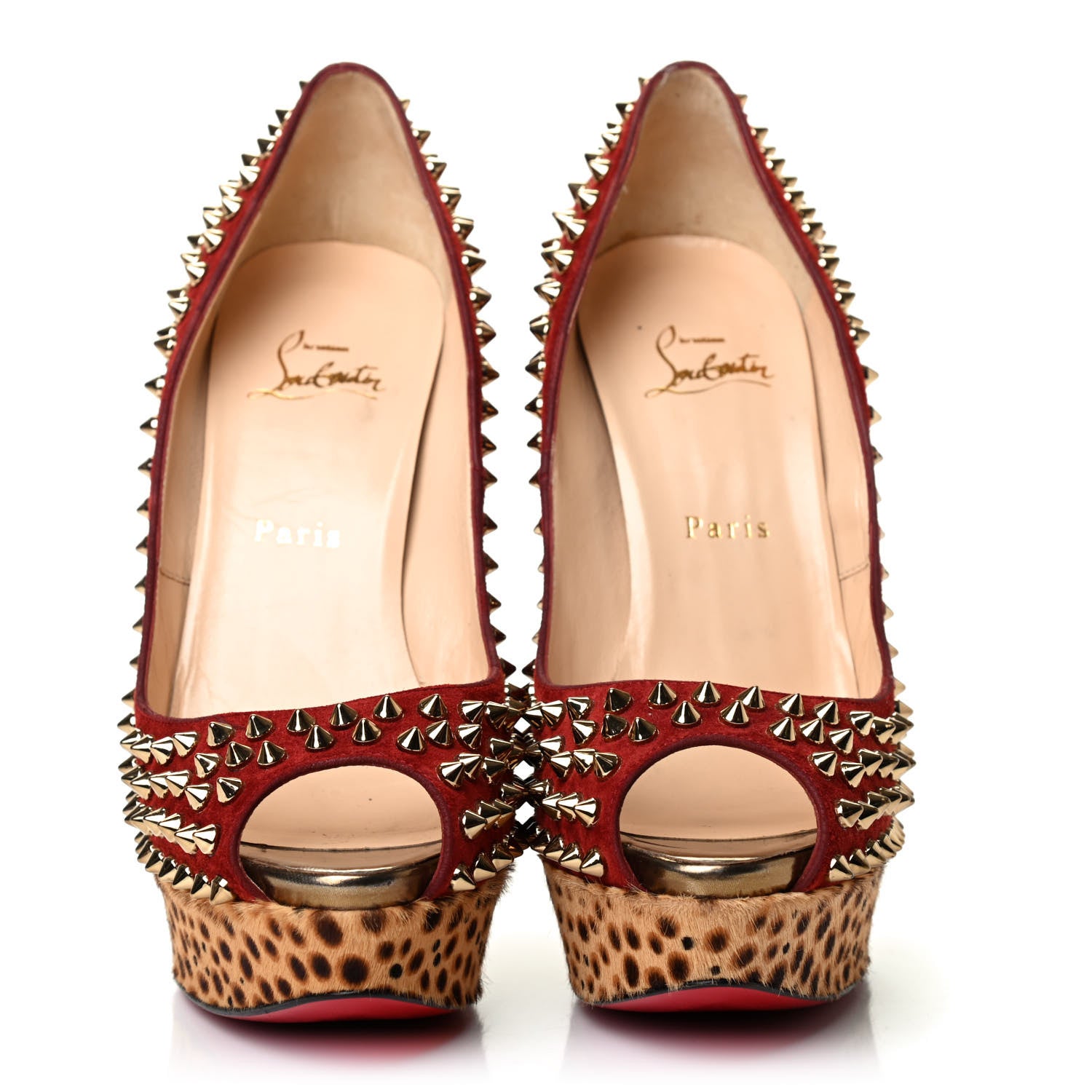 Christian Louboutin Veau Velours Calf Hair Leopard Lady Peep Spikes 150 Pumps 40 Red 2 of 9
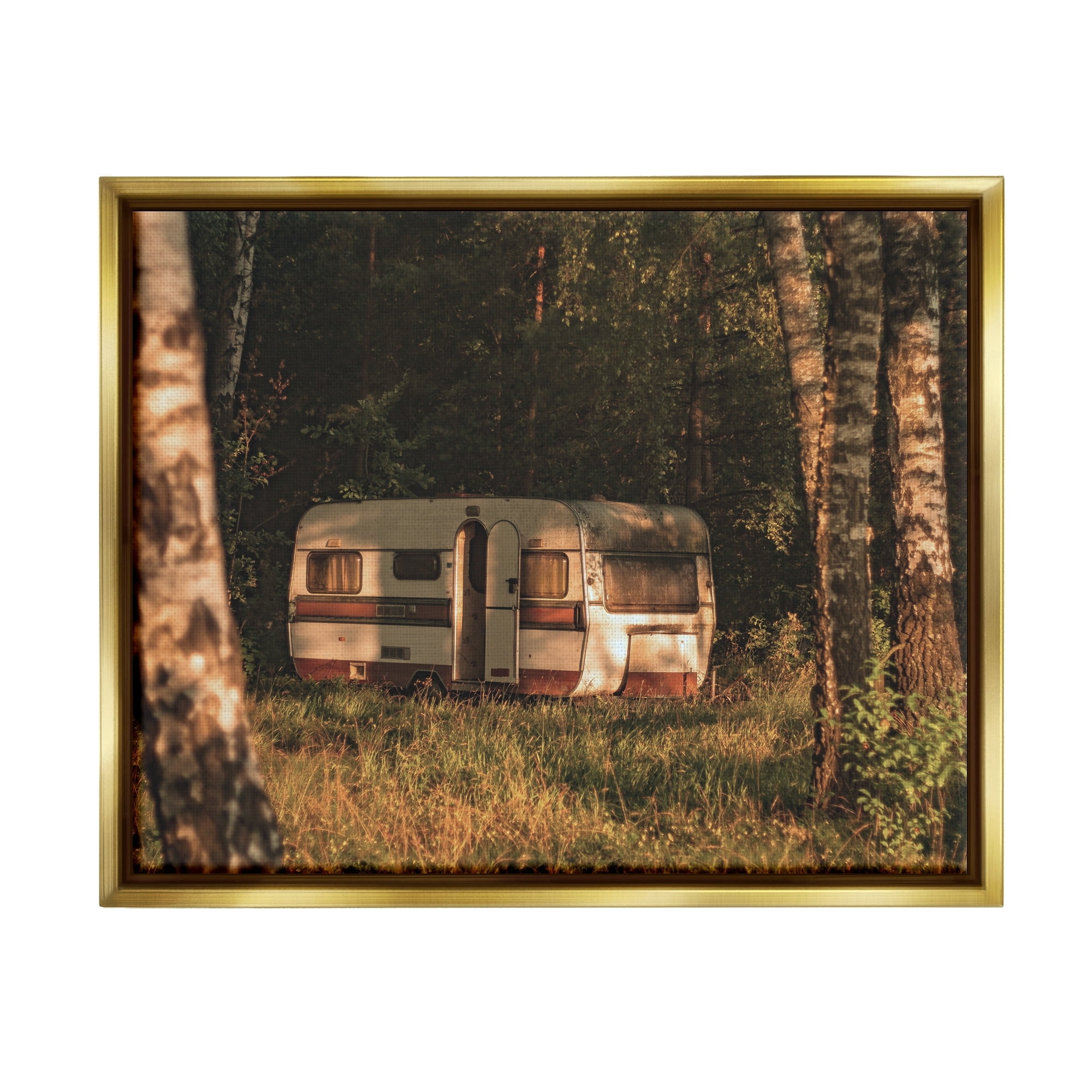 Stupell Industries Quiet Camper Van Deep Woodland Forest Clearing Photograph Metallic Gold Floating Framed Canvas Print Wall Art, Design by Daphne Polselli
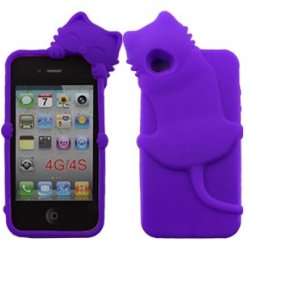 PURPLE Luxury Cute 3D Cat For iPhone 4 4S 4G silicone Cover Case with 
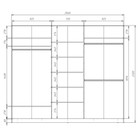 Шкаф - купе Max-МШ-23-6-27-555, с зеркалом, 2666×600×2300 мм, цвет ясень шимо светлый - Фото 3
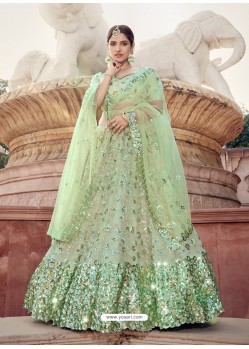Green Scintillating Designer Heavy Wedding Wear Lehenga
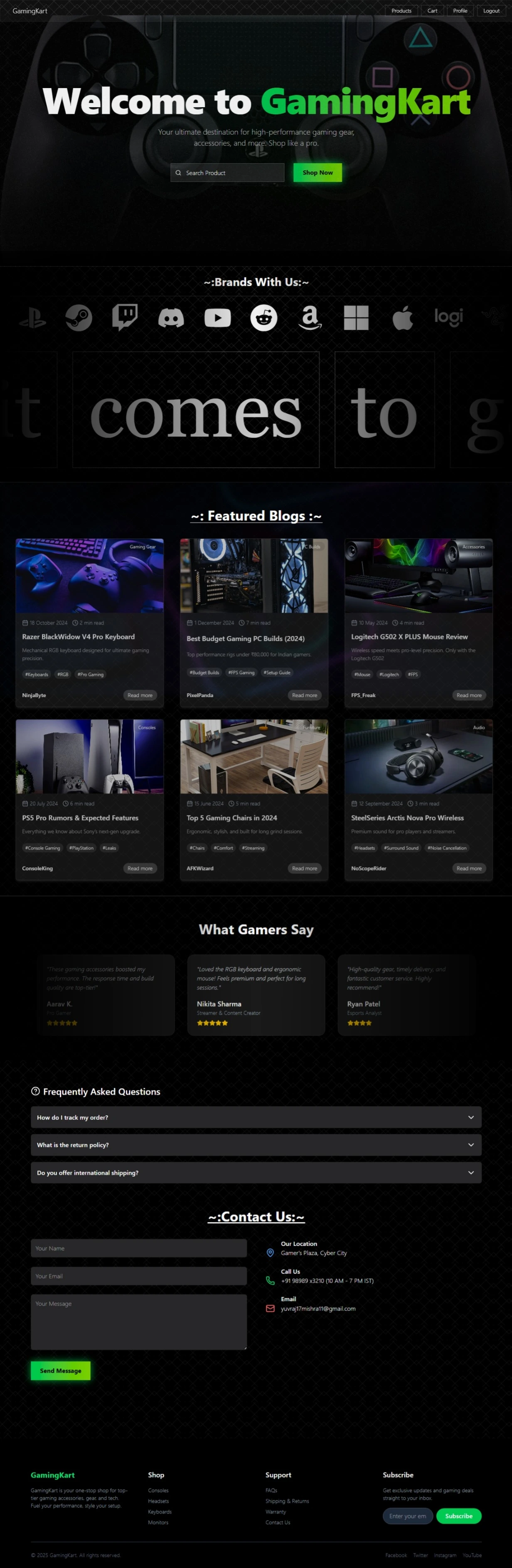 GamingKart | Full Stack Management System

———

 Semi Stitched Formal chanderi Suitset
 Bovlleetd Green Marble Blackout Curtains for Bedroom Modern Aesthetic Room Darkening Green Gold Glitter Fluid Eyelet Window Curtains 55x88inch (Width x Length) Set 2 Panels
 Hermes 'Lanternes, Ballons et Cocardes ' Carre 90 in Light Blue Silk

———

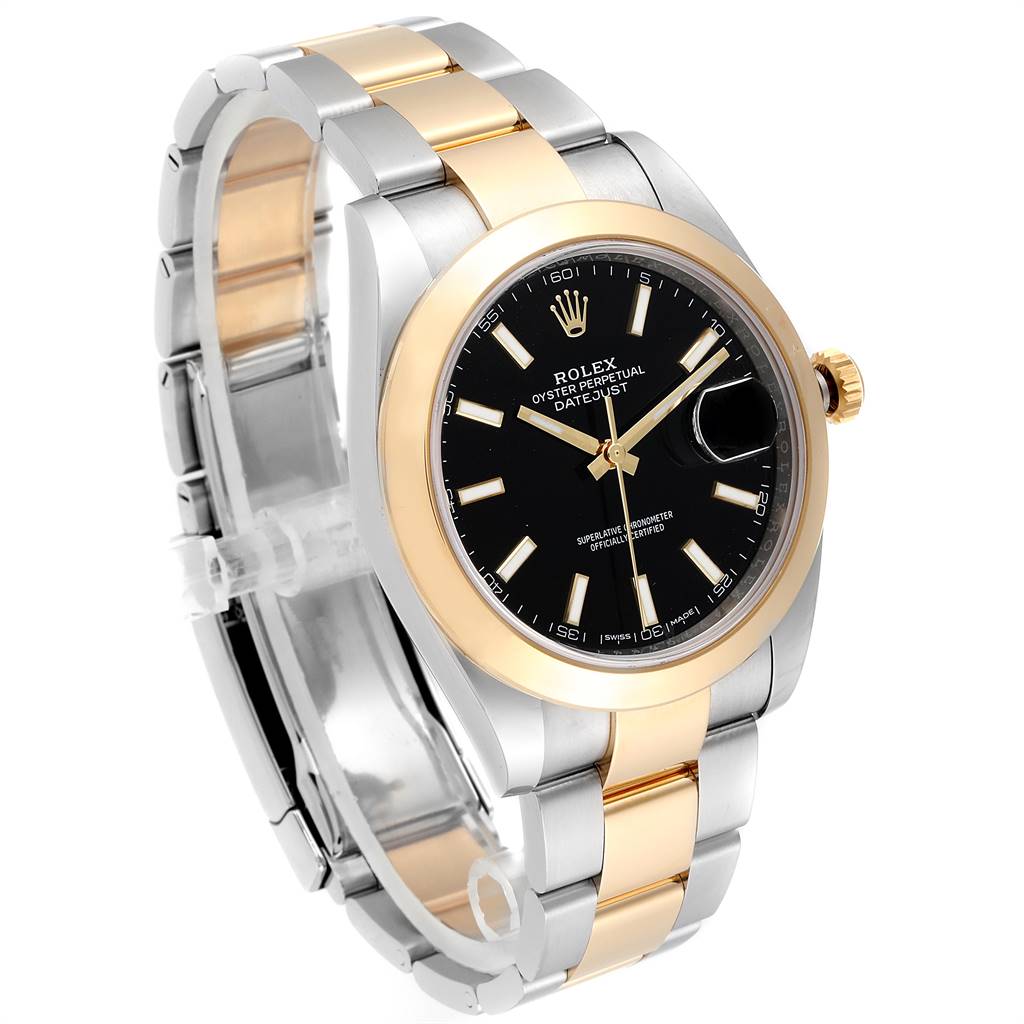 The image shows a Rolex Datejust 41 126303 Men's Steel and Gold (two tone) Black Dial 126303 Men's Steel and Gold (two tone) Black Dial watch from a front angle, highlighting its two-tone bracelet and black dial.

———

Task item: From the records above, copy exactly the lines starting at the one with "Christian Louboutin Veau" and ending at the one with "GamingKart | Full Stack Management System", and no others. Pictures stay out.

Task solution:
 Christian Louboutin Veau Velours Calf Hair Leopard Lady Peep Spikes 150 Pumps 40 Red 2 of 9
 Stupell Industries Quiet Camper Van Deep Woodland Forest Clearing Photograph Metallic Gold Floating Framed Canvas Print Wall Art, Design by Daphne Polselli
 PURPLE Luxury Cute 3D Cat For iPhone 4 4S 4G silicone Cover Case with 
 Шкаф - купе Max-МШ-23-6-27-555, с зеркалом, 2666×600×2300 мм, цвет ясень шимо светлый - Фото 3
Green Scintillating Designer Heavy Wedding Wear Lehenga
 GamingKart | Full Stack Management System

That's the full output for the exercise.